Ponyboy Curtis, the narrator, is a sensitive kid who lives with his brothers Darry and Sodapop on the wrong side of the tracks. The boys’ parents died in a car crash. Darry is the leader of the Greasers, a gang of poor kids at war with the Socs, or rich kids. The Outsiders showed me I could write about my world, which seemed to be full of warring teenage tribes – punks, skinheads, teds, rockabillies, bikers. And sunsets too, as Ponyboy says.
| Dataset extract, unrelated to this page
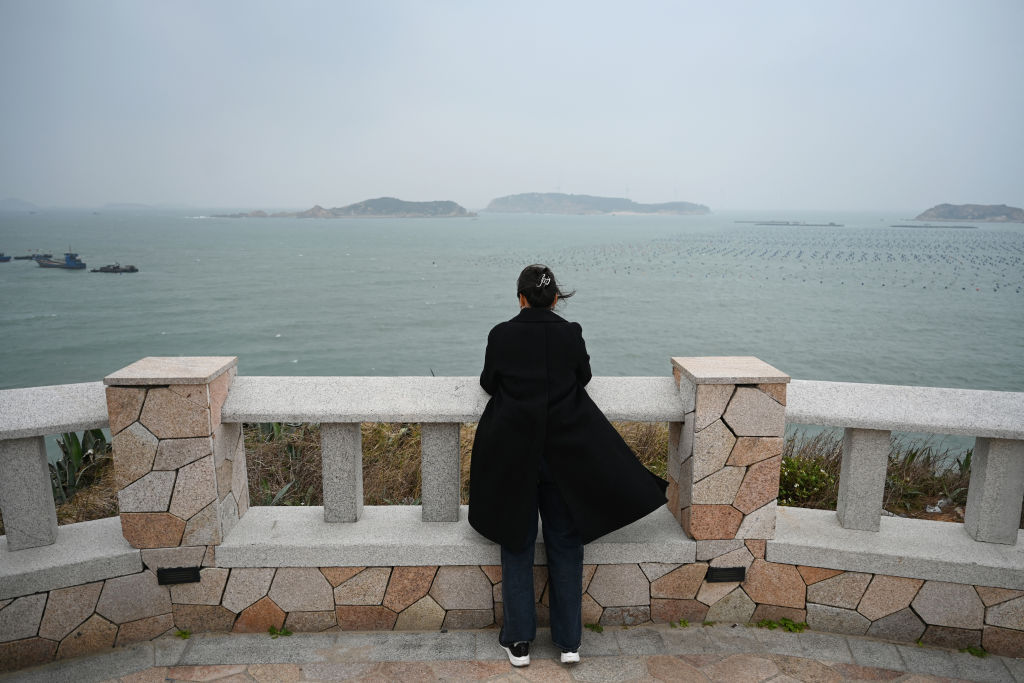 A view of the Taiwan Strait, from the closest point in China to Taiwan’s main island, in Jan. 2024. China-Taiwan Tension, the Unseen Risk for Latin America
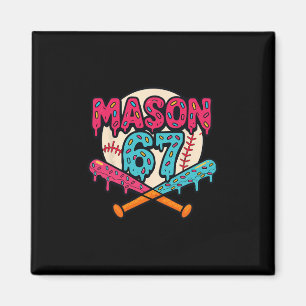 Íman Mason 67 Gráfico de Meme de Sorvete Divertido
In my early 20s, angry and lost, I was living in a squat in Bonnington Square, Vauxhall, south London. My nights were spent in the Royal Oak, a dark, narrow boozer run by a pie-faced man from Skibbereen. Around the corner, Vauxhall Park was full of the drinkers who couldn’t even get into the Oak. It was around then I read John Healy’s memoir The Grass Arena (1988). Healy came from the world of dossing and endless drinking and violence and prison. After he allegedly made threats against publishing staff, the book was withdrawn from sale and his work was suppressed for years. What’s forgotten in all this is how beautifully Healy writes and continues to write. Working-class artists are only ever allowed conditional access to the art world.
Joan Riley’s The Unbelonging (1985) was one of the first books about the experiences of black girls in the UK. The story of an 11-year-old girl from Jamaica, it makes the argument that all working-class or outsider art makes: find room on the shelves for all the unheard stories. Build new shelves.
The former taxi driver, airplane cleaner, carpenter and poet Mick Guffan may be a ghost or a pseudonym, or a fabrication. Either way, he is elusive. Inner London Buddha (2018) collects more than 100 poems about the construction industry, melancholia, unemployment, dodgy landlords, sex, love and drug use. You’ll laugh out loud and love the rough music the words make.
Like a lot of people, I’ve spent most of the past month watching football. If you can’t get your head around the violence and racism before and after the final, read or better still go and see a production of Sing Yer Heart Out for the Lads by Roy Williams – a play about a group of south Londoners who meet in a pub to watch an England-Germany game.
Working-class literature is a house with many rooms. Some more brightly lit than others, depending on fashion. But the house itself never gets enough sun. It can be minimalist, expansive, realist, magical, angry, loving, straight, gay, trans, male, female, non-binary, black, white, Asian, Hispanic, mixed-race and on and on. It’s From the City, from the Plough (Alexander Baron) and These Bones Are Not My Child (Toni Cade Bambara), and Cloudstreet (Tim Winton). It’s whatever it wants to be, and it always knows what it is. As the US writer and critic Vivian Gornick wrote: “Before I knew that I was Jewish or a girl, I knew that I was a member of the working class.”